### TASK TO COMPLETE
Copy out every line of the records in which "does" can be found.

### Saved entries

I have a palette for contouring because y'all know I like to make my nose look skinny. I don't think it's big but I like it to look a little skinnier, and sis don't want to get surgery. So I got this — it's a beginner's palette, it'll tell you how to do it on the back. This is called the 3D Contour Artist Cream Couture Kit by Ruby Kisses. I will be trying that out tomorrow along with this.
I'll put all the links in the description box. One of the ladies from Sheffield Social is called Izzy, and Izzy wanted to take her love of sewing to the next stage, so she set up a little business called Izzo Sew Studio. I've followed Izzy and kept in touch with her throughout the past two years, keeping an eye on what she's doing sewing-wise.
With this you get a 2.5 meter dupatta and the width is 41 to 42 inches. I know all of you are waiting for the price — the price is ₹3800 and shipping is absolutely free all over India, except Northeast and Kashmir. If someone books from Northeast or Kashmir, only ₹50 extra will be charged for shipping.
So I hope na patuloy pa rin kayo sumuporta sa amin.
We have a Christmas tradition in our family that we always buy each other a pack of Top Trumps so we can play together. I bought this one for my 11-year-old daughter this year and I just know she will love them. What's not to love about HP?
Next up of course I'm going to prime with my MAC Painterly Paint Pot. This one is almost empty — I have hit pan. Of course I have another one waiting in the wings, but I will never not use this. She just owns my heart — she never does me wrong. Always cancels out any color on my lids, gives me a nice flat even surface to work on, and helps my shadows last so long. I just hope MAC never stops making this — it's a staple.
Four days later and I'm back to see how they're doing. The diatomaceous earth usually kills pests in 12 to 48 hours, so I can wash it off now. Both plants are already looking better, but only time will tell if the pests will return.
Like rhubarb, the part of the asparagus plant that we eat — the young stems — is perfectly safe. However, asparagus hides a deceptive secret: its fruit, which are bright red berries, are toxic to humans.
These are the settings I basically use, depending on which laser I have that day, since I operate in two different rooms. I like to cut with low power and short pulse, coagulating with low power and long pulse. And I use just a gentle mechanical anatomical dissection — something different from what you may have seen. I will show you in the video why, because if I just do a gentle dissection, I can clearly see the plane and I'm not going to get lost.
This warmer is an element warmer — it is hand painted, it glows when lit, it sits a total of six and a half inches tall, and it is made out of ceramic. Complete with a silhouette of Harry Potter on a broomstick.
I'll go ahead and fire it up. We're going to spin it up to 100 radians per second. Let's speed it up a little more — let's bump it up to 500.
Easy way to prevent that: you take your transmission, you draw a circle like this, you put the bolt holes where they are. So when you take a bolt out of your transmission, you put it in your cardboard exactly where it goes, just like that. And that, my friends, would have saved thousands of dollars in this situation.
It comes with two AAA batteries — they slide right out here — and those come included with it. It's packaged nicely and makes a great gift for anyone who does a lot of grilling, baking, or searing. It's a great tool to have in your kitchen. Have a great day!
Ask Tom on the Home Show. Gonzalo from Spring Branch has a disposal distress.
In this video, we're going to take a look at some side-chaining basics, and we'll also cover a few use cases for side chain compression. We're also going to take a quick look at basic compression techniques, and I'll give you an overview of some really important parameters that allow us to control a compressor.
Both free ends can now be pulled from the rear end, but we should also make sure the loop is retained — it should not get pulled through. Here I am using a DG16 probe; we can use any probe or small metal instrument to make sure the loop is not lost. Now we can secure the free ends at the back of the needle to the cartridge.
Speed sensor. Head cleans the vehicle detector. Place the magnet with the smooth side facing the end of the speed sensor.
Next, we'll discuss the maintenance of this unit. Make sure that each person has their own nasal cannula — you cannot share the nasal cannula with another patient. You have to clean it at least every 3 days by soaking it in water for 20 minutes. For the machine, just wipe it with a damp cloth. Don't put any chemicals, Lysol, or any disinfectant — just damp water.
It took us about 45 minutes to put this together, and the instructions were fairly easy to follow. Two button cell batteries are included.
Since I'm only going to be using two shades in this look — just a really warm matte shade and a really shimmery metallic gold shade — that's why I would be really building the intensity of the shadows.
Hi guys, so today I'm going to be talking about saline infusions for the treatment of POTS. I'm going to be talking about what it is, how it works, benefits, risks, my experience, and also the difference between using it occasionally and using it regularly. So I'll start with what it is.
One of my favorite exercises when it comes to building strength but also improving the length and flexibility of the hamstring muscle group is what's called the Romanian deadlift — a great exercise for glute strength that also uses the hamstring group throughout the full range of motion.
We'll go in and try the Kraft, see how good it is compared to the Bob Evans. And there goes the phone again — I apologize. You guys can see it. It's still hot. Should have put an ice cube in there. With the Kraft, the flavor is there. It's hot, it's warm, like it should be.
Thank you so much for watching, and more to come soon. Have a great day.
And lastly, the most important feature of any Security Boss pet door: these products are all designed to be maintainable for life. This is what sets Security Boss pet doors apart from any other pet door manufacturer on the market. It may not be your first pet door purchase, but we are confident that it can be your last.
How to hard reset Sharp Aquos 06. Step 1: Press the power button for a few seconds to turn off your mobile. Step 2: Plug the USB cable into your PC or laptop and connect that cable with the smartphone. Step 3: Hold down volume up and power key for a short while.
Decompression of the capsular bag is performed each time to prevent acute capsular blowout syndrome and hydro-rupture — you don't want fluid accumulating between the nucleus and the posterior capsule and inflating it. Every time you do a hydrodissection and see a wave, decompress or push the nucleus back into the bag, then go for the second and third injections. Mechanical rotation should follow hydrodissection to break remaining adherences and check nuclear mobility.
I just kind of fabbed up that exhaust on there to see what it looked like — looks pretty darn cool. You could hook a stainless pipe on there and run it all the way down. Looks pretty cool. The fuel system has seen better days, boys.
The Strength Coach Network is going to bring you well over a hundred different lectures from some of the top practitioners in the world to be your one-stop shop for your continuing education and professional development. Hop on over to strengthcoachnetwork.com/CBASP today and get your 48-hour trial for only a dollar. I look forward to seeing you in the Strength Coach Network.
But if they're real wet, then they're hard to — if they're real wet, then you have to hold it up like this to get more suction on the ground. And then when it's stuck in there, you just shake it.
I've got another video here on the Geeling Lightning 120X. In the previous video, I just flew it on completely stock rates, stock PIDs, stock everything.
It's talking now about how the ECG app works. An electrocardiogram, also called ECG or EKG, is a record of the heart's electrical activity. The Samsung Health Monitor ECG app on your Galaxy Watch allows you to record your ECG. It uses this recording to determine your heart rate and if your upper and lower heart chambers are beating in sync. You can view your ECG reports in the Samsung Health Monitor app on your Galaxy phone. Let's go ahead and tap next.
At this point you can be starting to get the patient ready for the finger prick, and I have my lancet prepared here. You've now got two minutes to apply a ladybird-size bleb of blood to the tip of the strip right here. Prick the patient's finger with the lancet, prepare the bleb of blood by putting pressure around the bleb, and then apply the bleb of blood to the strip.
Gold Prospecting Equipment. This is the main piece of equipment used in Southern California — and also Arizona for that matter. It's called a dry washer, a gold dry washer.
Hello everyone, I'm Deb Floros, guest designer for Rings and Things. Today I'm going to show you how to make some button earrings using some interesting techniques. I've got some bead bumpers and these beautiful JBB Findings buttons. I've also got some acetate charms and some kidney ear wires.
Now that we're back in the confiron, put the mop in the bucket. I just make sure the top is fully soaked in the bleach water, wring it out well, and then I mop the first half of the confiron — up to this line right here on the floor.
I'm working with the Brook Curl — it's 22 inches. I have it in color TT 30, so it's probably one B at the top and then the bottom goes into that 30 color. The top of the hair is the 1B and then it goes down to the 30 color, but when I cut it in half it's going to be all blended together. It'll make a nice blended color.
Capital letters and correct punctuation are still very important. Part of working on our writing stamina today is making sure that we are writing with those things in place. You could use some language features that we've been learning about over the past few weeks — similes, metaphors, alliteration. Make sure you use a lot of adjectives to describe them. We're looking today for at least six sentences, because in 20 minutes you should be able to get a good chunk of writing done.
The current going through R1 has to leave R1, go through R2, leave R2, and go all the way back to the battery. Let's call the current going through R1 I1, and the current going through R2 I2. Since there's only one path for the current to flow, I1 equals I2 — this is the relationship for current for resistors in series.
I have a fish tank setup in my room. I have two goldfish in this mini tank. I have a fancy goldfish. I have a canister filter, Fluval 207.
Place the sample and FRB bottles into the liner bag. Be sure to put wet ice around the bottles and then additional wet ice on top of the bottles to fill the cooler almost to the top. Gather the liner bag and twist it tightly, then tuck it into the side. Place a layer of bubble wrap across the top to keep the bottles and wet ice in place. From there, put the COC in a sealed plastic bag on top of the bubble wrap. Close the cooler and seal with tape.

### REPLY
Next up of course I'm going to prime with my MAC Painterly Paint Pot. This one is almost empty — I have hit pan. Of course I have another one waiting in the wings, but I will never not use this. She just owns my heart — she never does me wrong. Always cancels out any color on my lids, gives me a nice flat even surface to work on, and helps my shadows last so long. I just hope MAC never stops making this — it's a staple.
It comes with two AAA batteries — they slide right out here — and those come included with it. It's packaged nicely and makes a great gift for anyone who does a lot of grilling, baking, or searing. It's a great tool to have in your kitchen. Have a great day!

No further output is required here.